パチャカマック博物館の塗り絵の表紙(左)とダイアナ・オクマによるイラスト(右)。クレジット: パチャカマック博物館 / Diana Okuma

コロナウイルス感染を阻止するためにいくつかの国が自発的または義務的に実施している検疫などの複雑な状況において、アートは常に団結し、時には驚きをもたらす。ペルーでは、さまざまな機関や企業が視聴者とのつながりを維持するための努力と革新を行っており、1965 年に設立されペルー文化省に属するパチャカマック遺跡および聖域博物館も例外ではありません。
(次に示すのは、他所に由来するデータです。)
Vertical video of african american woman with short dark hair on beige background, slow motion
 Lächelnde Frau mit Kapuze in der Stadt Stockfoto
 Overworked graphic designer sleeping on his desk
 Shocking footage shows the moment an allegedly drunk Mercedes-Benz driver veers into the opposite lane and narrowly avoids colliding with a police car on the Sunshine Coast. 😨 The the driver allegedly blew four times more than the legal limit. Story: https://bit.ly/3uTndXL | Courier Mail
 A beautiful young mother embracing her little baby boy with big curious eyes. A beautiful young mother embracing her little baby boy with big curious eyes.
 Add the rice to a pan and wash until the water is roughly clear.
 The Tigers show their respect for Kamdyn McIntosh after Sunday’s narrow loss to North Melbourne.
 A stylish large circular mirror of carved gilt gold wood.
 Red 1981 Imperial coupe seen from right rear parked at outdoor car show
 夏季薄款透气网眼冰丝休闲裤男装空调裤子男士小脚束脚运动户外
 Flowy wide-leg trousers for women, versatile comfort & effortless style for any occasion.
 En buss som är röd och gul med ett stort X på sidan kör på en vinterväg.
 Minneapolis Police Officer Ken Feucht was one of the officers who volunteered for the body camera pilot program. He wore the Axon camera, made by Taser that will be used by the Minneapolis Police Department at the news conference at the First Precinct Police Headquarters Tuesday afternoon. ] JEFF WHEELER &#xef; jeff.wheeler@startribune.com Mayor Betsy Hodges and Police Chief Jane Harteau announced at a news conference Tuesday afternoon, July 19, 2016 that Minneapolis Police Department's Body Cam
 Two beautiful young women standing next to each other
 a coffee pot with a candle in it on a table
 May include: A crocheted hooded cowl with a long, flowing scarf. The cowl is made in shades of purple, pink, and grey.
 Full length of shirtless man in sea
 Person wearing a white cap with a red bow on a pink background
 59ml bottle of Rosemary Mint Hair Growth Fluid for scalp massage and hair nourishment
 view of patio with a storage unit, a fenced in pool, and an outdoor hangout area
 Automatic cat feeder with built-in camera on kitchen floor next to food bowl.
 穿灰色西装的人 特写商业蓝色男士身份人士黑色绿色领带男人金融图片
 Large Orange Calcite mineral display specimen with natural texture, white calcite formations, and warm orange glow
彼らは、ビデオ会議、バーチャル展示会、国の中央海岸にある聖域での調査に関するダウンロード可能なポスターなどのデジタルツールを通じて、アンデスの住民が答えを求めて訪れた寺院で構成されるこの聖域を存続させようとしている。彼らの質問のいくつかは、後期形成期 (紀元前 200 年から紀元後 200 年) 以来の実存的な懸念です。国際博物館デー (5 月 18 日) に、この公的機関はダウンロード可能なバージョンのぬり絵を発表しました。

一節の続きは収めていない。